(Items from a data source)
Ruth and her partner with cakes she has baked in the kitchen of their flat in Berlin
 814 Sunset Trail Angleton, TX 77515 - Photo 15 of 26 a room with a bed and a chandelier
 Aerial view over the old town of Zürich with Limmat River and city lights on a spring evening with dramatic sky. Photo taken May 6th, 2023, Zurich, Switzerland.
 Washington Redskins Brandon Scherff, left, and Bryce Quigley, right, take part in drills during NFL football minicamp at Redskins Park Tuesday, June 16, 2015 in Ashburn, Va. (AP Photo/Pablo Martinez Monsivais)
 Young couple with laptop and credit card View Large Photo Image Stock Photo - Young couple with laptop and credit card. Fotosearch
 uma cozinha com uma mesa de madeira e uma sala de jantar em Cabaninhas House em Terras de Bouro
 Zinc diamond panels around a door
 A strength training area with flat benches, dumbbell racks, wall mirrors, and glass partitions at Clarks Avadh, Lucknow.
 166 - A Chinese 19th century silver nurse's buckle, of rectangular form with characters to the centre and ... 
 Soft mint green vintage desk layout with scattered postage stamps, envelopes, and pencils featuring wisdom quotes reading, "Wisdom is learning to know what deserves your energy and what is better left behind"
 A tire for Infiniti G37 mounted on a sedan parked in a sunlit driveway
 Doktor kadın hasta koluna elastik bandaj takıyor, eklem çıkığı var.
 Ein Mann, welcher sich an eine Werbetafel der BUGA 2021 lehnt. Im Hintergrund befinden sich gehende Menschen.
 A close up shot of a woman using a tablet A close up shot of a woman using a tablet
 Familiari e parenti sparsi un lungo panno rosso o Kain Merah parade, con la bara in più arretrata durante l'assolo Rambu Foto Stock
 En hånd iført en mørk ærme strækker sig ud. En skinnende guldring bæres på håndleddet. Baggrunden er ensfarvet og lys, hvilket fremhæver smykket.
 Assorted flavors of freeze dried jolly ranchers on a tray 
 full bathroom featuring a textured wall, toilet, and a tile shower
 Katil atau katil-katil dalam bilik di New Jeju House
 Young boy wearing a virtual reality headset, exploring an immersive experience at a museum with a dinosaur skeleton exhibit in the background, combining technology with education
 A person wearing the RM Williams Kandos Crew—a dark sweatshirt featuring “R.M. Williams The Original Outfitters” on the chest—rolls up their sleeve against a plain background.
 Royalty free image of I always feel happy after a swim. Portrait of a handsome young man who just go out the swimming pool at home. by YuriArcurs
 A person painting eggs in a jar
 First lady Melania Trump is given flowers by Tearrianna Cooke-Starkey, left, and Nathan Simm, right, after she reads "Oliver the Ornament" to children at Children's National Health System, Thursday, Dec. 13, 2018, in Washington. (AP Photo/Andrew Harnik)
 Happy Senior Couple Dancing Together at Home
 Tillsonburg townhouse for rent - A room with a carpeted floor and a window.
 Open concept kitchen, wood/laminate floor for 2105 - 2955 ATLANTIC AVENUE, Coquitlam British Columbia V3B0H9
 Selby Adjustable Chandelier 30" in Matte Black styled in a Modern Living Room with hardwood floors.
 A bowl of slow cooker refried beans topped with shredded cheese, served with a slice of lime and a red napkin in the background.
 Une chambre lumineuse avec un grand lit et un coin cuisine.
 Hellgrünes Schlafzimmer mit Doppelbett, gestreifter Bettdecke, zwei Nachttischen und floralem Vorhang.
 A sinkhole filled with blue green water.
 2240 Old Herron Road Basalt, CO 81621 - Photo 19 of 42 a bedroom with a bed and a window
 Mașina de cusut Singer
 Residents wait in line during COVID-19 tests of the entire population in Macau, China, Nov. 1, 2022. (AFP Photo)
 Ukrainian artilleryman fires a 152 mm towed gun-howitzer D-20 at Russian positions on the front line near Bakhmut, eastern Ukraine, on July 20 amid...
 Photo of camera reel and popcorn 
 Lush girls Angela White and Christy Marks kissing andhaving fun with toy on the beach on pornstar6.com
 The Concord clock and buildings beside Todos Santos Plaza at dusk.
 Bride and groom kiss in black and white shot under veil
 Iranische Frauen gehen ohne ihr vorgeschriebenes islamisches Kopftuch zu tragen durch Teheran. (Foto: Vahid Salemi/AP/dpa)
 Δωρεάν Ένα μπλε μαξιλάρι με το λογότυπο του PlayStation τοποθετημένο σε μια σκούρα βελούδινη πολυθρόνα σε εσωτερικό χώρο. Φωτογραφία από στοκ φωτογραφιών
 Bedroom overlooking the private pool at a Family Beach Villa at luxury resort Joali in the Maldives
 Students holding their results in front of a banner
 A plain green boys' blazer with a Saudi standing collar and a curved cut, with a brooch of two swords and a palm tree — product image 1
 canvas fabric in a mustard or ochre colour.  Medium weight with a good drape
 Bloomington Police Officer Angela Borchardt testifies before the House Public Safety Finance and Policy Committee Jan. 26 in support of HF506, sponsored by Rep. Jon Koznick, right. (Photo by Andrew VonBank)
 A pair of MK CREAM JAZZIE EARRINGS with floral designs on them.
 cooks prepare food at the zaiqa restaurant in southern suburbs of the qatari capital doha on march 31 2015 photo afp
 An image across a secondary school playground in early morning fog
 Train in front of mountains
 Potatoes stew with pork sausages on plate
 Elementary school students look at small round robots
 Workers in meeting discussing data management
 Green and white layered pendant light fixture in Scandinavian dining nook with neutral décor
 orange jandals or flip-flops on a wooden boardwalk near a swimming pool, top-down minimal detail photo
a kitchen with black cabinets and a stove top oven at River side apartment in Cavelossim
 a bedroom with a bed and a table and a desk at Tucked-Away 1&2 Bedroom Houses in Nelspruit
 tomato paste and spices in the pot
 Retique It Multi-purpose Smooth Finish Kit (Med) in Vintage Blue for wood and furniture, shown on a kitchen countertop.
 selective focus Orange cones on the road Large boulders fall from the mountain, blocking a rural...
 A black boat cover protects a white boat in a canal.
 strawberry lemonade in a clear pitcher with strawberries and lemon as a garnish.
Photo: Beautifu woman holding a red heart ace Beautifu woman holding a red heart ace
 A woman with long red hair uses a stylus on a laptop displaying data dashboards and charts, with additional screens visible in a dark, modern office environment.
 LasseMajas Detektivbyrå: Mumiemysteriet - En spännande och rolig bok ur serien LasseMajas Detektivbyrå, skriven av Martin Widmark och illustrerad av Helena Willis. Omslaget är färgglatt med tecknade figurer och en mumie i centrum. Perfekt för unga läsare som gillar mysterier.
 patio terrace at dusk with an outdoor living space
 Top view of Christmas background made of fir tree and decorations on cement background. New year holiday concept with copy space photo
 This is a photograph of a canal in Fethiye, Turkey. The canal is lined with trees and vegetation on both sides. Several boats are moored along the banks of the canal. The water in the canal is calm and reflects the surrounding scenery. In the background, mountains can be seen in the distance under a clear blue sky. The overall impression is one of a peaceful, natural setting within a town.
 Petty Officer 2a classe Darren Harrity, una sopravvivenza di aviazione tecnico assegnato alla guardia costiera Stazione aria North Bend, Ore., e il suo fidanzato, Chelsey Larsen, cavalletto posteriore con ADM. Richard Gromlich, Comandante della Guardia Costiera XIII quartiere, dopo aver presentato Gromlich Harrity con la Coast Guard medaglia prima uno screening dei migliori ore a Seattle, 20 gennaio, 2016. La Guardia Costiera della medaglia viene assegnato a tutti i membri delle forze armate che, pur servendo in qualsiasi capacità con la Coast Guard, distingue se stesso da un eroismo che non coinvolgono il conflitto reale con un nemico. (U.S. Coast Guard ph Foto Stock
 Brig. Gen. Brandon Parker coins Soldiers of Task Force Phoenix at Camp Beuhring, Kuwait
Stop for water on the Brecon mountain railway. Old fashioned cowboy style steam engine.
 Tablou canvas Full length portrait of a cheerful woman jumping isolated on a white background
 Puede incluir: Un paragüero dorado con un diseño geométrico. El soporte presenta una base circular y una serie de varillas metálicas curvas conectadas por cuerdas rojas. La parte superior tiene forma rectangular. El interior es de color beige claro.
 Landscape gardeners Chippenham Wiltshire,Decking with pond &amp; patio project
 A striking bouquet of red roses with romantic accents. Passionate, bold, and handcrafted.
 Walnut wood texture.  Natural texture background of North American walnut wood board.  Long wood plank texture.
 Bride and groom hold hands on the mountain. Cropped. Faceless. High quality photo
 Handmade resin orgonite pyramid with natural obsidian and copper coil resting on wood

About this exercise.
Search the entries above for "swimming". Return every line that has it.

Exercise response.
 Royalty free image of I always feel happy after a swim. Portrait of a handsome young man who just go out the swimming pool at home. by YuriArcurs
 orange jandals or flip-flops on a wooden boardwalk near a swimming pool, top-down minimal detail photo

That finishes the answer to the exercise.